### Records for the exercise
-.-.-

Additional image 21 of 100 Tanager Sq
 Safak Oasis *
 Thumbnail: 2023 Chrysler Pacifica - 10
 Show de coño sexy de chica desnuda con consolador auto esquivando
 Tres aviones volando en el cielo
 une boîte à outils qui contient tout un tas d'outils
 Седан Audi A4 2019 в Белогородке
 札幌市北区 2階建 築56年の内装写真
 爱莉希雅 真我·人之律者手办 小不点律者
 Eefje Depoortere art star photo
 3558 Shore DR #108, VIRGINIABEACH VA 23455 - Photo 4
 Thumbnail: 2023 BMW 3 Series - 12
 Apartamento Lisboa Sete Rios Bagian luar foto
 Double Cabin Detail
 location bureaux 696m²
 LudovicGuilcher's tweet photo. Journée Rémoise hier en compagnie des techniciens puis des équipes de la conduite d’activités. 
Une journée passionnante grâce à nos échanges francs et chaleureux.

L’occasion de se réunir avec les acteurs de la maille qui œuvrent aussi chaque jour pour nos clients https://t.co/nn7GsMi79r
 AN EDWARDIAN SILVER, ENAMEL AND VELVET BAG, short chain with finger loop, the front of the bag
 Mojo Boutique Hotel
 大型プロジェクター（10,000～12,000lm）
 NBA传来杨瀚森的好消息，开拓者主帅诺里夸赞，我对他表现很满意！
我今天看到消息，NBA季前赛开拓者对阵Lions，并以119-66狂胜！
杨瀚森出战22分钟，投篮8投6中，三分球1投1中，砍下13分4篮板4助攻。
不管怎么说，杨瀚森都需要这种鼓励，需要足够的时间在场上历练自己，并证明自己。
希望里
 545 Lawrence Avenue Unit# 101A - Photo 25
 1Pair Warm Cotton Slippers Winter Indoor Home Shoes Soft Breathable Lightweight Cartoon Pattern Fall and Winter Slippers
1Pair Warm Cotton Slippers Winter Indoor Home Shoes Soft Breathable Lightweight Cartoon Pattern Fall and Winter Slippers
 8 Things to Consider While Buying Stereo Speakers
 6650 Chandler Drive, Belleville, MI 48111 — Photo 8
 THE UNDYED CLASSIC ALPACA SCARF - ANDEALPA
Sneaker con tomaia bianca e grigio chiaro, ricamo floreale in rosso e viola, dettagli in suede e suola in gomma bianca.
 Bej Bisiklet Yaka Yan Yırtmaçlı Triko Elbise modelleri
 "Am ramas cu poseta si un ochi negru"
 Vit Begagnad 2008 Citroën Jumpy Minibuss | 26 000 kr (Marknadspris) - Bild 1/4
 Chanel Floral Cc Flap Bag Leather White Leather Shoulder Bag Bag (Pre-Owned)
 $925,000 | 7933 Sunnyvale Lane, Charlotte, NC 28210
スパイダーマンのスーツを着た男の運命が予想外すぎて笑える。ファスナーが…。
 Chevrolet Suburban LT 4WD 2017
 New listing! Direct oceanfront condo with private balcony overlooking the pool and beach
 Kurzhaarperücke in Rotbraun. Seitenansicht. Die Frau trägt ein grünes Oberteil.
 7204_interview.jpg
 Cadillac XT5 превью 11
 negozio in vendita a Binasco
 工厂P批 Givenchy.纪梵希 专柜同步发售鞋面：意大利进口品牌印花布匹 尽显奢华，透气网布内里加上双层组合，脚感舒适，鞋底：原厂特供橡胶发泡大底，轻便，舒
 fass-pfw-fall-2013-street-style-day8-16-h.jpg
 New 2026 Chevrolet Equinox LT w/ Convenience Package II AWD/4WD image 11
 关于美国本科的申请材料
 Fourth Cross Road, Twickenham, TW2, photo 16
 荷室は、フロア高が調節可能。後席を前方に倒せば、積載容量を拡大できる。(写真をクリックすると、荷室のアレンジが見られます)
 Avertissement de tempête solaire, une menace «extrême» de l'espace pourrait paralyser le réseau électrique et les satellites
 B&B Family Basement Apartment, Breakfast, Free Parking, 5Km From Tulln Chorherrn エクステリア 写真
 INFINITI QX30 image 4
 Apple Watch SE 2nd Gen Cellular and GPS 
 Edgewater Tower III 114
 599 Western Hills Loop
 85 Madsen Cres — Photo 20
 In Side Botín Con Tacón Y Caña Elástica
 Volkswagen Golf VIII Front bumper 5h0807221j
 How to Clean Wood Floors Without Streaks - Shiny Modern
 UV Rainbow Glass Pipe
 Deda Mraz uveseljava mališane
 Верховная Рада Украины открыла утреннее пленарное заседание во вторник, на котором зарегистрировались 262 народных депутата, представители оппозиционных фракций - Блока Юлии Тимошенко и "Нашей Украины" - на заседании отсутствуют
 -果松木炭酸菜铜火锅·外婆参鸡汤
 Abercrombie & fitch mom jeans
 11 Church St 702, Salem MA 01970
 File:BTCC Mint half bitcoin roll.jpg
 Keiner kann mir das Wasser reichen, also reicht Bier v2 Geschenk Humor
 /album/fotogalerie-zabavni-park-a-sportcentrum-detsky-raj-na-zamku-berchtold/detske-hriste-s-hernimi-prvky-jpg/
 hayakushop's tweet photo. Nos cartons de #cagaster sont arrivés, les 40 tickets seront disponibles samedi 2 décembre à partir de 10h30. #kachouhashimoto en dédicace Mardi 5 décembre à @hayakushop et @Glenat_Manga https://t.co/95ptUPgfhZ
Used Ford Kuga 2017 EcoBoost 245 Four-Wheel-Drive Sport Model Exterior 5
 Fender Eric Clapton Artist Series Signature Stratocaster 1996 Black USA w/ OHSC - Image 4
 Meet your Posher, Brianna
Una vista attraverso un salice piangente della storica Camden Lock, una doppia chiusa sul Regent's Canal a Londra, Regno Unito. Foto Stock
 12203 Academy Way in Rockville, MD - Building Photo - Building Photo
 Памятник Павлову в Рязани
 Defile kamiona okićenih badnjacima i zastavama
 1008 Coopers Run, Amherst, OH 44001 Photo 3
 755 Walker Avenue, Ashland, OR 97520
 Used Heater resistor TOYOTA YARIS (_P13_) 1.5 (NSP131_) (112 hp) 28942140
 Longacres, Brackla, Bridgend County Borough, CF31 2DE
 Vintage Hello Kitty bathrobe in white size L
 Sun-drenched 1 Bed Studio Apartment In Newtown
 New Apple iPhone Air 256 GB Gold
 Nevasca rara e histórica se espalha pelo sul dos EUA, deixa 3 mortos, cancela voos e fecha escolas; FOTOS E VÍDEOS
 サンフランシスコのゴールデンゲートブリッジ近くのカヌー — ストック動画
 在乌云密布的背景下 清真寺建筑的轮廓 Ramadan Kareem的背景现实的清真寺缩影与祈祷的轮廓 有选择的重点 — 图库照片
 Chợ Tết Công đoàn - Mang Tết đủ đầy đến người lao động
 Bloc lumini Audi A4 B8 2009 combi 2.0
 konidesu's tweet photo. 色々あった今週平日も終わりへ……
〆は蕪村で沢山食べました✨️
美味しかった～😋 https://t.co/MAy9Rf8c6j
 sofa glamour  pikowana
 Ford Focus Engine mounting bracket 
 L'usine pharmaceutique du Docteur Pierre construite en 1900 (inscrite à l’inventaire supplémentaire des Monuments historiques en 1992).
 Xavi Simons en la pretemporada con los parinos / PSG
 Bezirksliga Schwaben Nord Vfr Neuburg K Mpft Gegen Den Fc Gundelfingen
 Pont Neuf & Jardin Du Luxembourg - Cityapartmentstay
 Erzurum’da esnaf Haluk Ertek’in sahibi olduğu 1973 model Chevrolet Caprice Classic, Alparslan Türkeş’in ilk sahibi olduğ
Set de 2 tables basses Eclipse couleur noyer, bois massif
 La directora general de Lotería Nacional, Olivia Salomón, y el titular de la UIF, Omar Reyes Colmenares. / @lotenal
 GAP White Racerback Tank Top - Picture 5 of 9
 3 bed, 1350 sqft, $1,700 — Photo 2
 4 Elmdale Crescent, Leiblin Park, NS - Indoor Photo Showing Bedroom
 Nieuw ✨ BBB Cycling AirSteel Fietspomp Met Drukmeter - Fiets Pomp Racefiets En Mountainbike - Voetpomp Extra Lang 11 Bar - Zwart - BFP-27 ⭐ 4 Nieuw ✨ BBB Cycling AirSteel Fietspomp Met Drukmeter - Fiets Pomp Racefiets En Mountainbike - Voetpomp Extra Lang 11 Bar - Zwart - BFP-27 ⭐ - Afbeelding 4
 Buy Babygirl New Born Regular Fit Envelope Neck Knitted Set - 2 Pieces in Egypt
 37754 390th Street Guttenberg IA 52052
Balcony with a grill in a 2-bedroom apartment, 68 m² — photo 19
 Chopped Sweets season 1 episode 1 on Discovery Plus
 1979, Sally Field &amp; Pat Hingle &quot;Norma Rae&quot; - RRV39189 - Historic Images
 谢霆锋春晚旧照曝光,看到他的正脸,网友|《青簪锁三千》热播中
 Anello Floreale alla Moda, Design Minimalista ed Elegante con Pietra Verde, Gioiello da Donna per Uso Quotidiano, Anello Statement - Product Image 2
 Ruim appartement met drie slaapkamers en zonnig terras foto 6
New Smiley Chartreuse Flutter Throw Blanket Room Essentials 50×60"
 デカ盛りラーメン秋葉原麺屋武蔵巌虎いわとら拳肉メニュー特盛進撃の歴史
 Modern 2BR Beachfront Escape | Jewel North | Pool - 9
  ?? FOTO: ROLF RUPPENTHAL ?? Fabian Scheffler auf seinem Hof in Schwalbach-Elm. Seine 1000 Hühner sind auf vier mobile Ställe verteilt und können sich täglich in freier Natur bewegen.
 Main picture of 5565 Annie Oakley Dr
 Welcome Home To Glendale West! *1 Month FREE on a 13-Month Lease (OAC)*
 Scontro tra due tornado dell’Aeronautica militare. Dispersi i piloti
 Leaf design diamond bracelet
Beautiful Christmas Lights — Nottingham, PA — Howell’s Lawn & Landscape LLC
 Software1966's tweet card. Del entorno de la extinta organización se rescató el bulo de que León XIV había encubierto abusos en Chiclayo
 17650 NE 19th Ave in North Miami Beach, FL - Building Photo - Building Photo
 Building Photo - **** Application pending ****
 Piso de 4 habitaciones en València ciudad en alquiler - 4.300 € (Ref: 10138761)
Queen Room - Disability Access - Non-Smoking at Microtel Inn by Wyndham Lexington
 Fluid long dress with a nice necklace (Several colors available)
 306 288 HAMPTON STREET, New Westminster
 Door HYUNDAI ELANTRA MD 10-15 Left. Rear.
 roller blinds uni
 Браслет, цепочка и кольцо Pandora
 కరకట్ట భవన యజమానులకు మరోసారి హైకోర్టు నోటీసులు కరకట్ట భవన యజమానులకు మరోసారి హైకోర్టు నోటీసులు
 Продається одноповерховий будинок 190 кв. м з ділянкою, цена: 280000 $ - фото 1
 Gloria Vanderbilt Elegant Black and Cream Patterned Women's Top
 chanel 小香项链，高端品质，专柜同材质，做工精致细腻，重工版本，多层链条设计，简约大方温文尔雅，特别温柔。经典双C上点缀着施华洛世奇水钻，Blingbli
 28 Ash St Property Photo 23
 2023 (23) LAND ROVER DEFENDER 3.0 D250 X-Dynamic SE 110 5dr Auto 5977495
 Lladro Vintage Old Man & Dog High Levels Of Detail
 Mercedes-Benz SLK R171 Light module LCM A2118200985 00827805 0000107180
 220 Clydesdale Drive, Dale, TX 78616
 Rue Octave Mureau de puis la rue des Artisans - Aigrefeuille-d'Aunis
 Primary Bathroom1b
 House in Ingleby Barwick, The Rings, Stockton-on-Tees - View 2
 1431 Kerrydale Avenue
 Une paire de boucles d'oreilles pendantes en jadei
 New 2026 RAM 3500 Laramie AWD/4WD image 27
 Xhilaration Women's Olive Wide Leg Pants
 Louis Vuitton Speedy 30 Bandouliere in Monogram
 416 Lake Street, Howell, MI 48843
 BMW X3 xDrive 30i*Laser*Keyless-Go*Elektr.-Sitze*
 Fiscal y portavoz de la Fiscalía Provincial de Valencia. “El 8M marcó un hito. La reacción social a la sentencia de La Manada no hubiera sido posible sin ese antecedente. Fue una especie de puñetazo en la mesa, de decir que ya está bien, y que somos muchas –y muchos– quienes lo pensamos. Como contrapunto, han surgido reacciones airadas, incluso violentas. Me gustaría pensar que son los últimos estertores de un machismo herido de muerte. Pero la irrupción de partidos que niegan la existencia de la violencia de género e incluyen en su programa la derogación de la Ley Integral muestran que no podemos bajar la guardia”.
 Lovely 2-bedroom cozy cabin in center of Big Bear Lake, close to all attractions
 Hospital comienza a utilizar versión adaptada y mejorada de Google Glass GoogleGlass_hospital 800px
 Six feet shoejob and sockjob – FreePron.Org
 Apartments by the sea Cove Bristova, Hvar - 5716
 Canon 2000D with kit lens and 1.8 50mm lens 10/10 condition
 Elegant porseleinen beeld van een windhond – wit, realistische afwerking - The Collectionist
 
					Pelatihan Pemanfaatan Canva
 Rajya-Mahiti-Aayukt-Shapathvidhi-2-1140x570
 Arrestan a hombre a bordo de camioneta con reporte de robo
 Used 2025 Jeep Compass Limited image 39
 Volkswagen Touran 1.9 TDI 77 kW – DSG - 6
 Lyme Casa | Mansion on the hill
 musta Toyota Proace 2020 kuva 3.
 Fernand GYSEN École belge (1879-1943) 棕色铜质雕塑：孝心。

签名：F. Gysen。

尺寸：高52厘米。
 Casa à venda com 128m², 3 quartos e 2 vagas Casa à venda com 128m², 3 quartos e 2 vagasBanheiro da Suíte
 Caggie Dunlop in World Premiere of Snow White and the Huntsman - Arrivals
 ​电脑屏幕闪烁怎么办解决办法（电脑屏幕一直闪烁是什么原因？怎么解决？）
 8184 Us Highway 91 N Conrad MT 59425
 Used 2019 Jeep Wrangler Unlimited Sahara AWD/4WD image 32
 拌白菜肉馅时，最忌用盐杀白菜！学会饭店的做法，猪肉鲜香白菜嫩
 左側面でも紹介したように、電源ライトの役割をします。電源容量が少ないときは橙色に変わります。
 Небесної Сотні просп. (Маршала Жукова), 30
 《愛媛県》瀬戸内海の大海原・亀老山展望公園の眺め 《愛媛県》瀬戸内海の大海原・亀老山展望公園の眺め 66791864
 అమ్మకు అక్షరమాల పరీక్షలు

-.-.-

### Problem description
Please give an exact copy of the lines above, beginning with the line containing "fass-pfw-fall-2013-street-style-day8-16-h.jpg" and running through the line containing "Avertissement de tempête", and of no other lines.

### Output below
 fass-pfw-fall-2013-street-style-day8-16-h.jpg
 New 2026 Chevrolet Equinox LT w/ Convenience Package II AWD/4WD image 11
 关于美国本科的申请材料
 Fourth Cross Road, Twickenham, TW2, photo 16
 荷室は、フロア高が調節可能。後席を前方に倒せば、積載容量を拡大できる。(写真をクリックすると、荷室のアレンジが見られます)
 Avertissement de tempête solaire, une menace «extrême» de l'espace pourrait paralyser le réseau électrique et les satellites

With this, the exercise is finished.